DESCRIPTION OF THE TASK
Look through the material below and copy exactly the lines from the line with "DONEEYU/�ɥˡ��桡�� ���ƥ�ĥ��� �ɥ�ޥ�֥饦����" to the line with "Snapshot of anijoness_", those two lines included.

DATA SUPPLIED
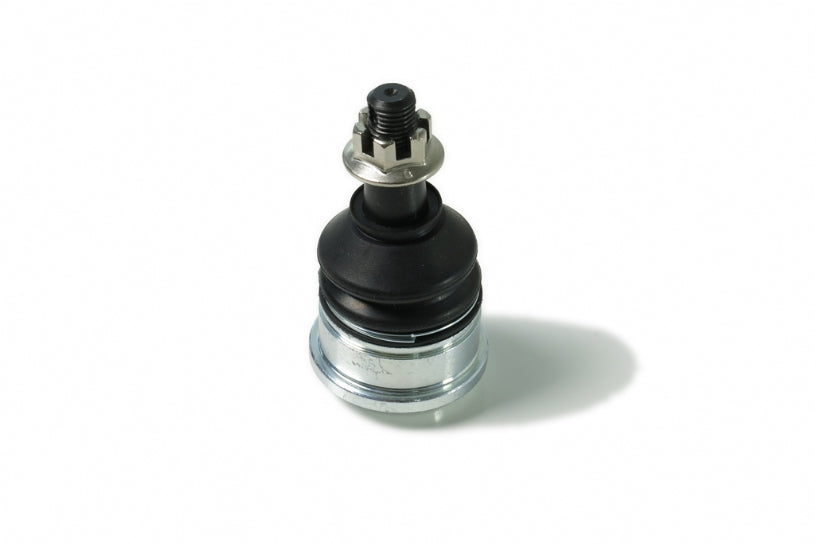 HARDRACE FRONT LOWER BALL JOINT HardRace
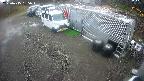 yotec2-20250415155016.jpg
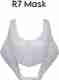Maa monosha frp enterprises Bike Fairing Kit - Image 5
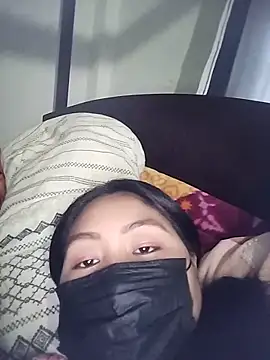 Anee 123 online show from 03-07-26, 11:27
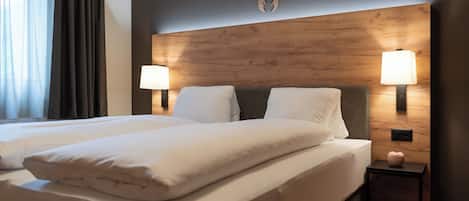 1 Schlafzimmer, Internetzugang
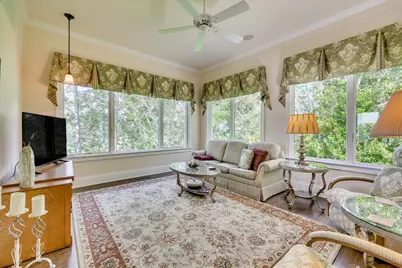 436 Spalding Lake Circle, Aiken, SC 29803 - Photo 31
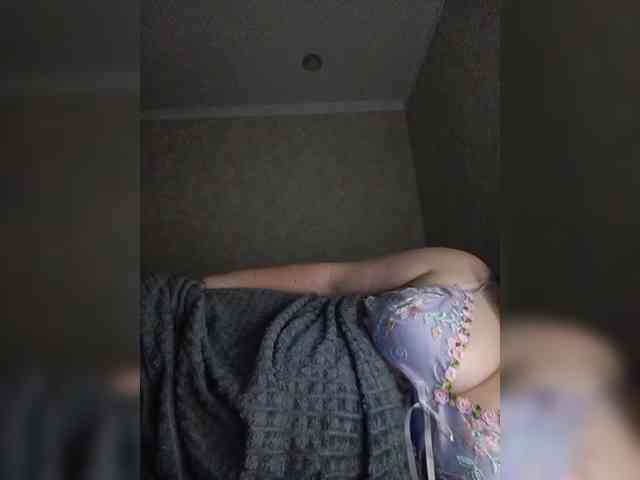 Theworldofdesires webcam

* * *

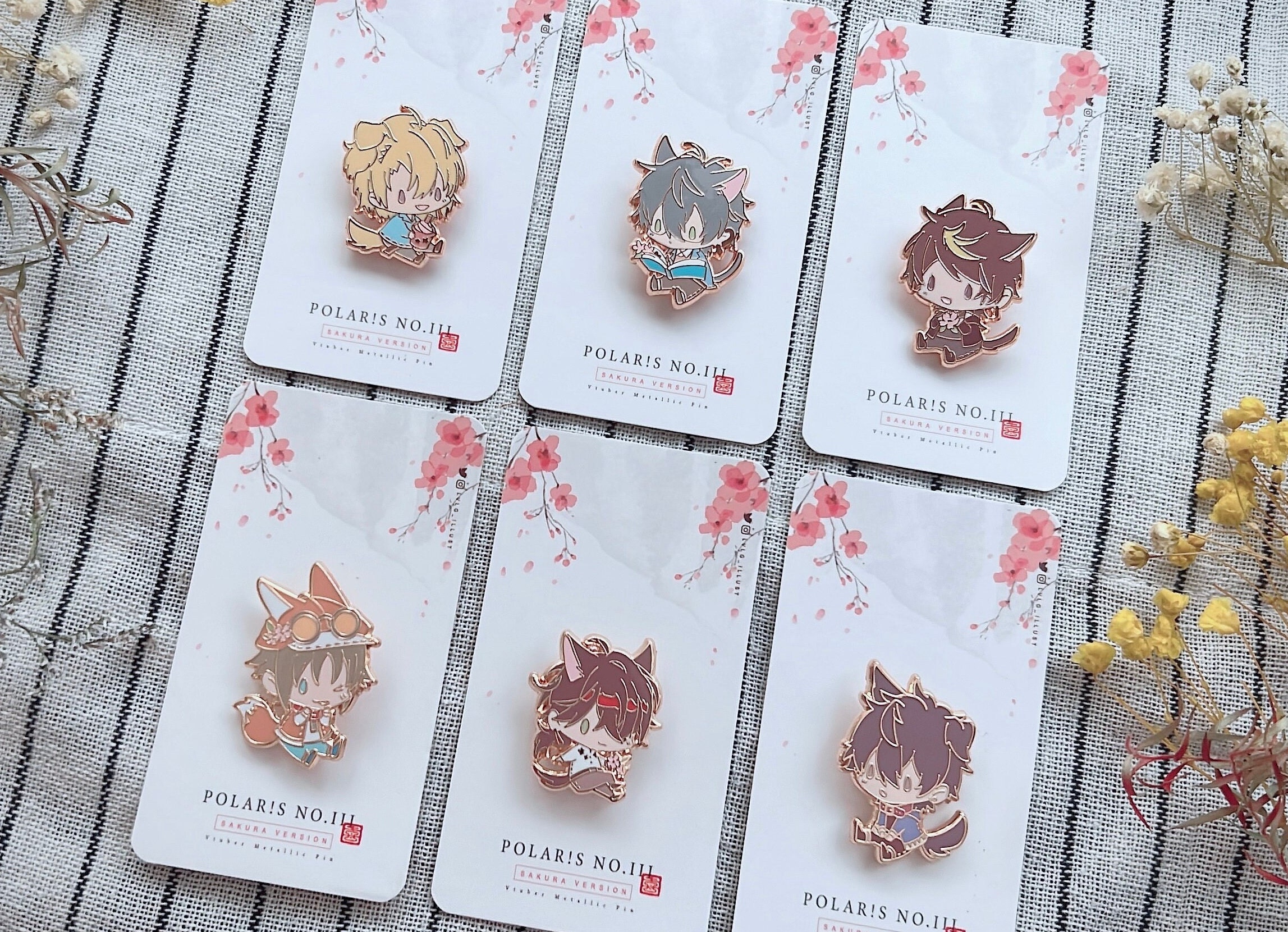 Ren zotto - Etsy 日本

--

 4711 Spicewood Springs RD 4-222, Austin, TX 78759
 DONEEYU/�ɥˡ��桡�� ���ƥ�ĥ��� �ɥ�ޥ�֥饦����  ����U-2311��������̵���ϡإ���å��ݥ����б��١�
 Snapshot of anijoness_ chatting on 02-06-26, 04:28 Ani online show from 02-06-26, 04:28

TASK RESPONSE
 DONEEYU/�ɥˡ��桡�� ���ƥ�ĥ��� �ɥ�ޥ�֥饦����  ����U-2311��������̵���ϡإ���å��ݥ����б��١�
 Snapshot of anijoness_ chatting on 02-06-26, 04:28 Ani online show from 02-06-26, 04:28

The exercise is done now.